人間働くが薬

息子も去年、定年になっただから(私は)80も越える歳になってるですよ。娘も60になるだよ。よくまぁおばぁさんもこうしておったってるもんだなと笑ったけんど・・・・  おばあさんも忙しい忙しいっていうからそうなってる(元気な)んだよって息子にも(言われた)。  ひとりでぜんぶするだからほんと忙しい。  たまにはねぇ近所のおばあさんたちいるからお茶飲み来いって言われれば行かねばならねぇし、お茶も呼ばれっぱなしじゃあねぇ困るから。また呼ぶにはねぇちったぁ大根のおかずでもなにか煮たりお茶菓子でもこしらえなきゃだし(微笑みながら)


 一人暮らしの道代さんは、息子さんのところから昨日帰ってきたばかり。地元の人でも今朝は寒かったねぇと挨拶し合う冬晴れの昼にお話を伺いました。
 奈良田の短い日(午後3時前には日が山に隠れます)がある暖かいうちに洗濯、掃除などを済ませ、庭の草取りをして、近所で草取りをしていれば手伝いに行き、楽しいご近所付き合いをする。ゆいがあし(ゆうげえし)の心がまだまだ息づく集落で、一日中次は何しようかと寝ても覚めても考えながら働き回る。そんなおばあちゃんも息子さんのところへ行ったときはのんびりとしているのかと思いきや、ひこ(曾孫)と遊ぶのが下手な芝居を見るより面白いと子守役をやってきたようです。

 今の子供達に話すとうそばっかついてと言われると笑って話してくれたのがダムが出来る前、車道もなく孤立した集落の生活。
 昔は川に沿って下る道は無く、今はその一部が丸山林道となっている七里に及ぶ峠(標高差1000メートル近い)を手作りした下駄などを背負って越えて、増穂に出て魚や油、煮干しなどと交換して背負って戻った。二日がかりのため途中の青柳集落で一泊、宿には前もって店で買い求めた米を持参し朝ご飯と昼の弁当を作ってもらったそうです。
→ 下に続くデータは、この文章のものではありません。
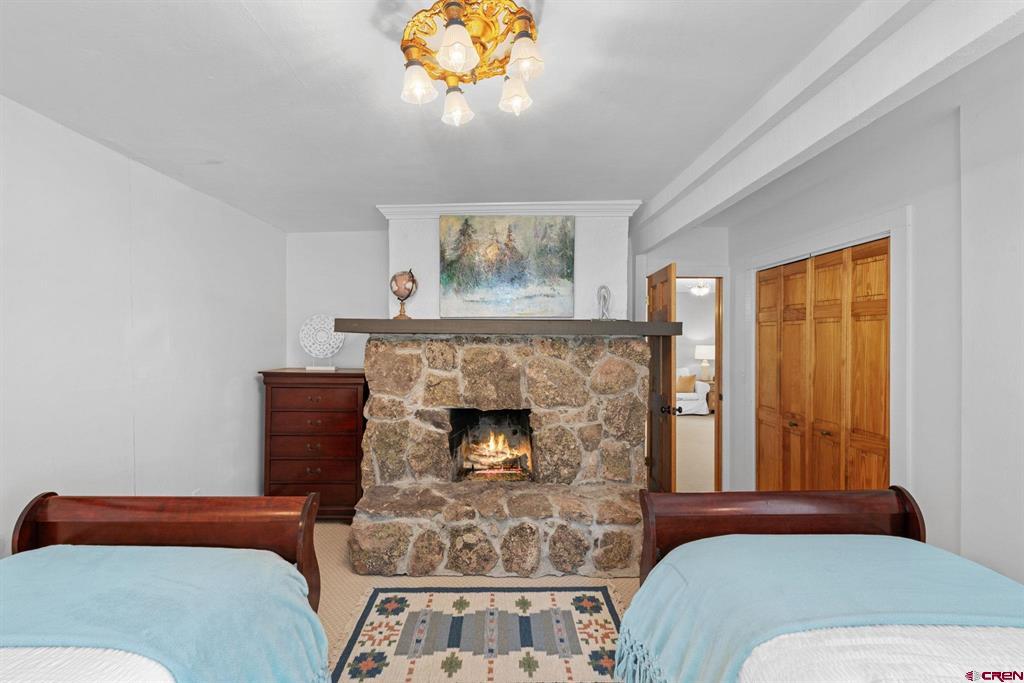 429 Whiterock Avenue Property Photo 38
重くて大変だったので途中まで迎えに行くことになっていて、子供なども一緒にかなりの山に登ったそうです。

 正月も近いのでその時期の話を伺うと山の上の焼畑でとれた蕎麦、稗、小豆などを穀箱と呼ばれる木箱に詰め、蔵にうず高くなるくらい保存して、冬の雪に閉ざされる正月過ぎから春までをしのいだそうです。また、オトコシ(男衆)が山でいっぱい木の枝を打ち払っておいたものをオンナシ(女衆)が今日はこの家の分と決めて皆で山から集め家の周囲に積んでおいて薪にしたそうです。
 おおよそ暮れの25日頃から正月の準備をはじめ、車屋(水車小屋)でそばをひいてシロモノ(粉)にして蕎麦切りを作り、集落の中にある豆腐小屋の大釜で豆を煮て臼でひいて豆腐を作り、28日にはモチアワで粟餅を六臼くらい作ったそうです。商売でオテバリ(忙しい)の家は30日に餅をつくこともあったそうです。30日に松を取ってきてオシンメイ(独特の紙飾り、注連縄飾りのようなもの)を付けて玄関の両側に飾り、今に較べるとたいそう質素な正月だったようです。
 また、当時の奈良田は蒟蒻芋が取れたので、蒟蒻も正月料理に欠かせないものだったそうです。
 ちなみに、いまは取れない蒟蒻芋が栽培出来たのは、西山ダムの完成で出来た奈良田湖の底に沈んだ奈良田七不思議の一つ洗濯池のぬる湯(あたたかい湧き水)のおかげ。ぬる湯によって周囲の地面が温められているので、川石を積んで、土を盛り、その中に蒟蒻芋を埋め、上から落ち葉を被せておくと普通は食用に適する大きさになるまでに3年かかる芋の成長が1年で十分な大きさになったそうです。
 また春に取れる蕨、蕗なども樽に塩漬けにしておき正月頃まで食べたりしたそうです。蕨は取っても2日もすると同じ場所に生えてくるので一番乗りしたものが取れたので近所の様子を探りながら夜も明けない頃から出かけるので苦労したようです。

 最近の冬支度は、大根を塩で押し漬けにして水が上がったら洗って酢と砂糖で漬けておく、餅の汁に入れて食べるために大根の葉は干しておく、白菜を漬けたりしておくことだそうで、一年中何でも手に入る今でも季節感溢れる生活が存分に残っています。

 ダム工事が始まり薪拾いや畑仕事よりもお金になる仕事がいくらでも溢れ、若い衆が働きに出てお年寄りが畑や集落を守るように変わっていった最初の世代である道代さん。そんな道代さんがいまは奈良田を守る元気なお年寄りとして一日中働き回っている姿を見ると、奈良田の良い伝統や習慣を色々な人に伝えていってほしいと切に願います。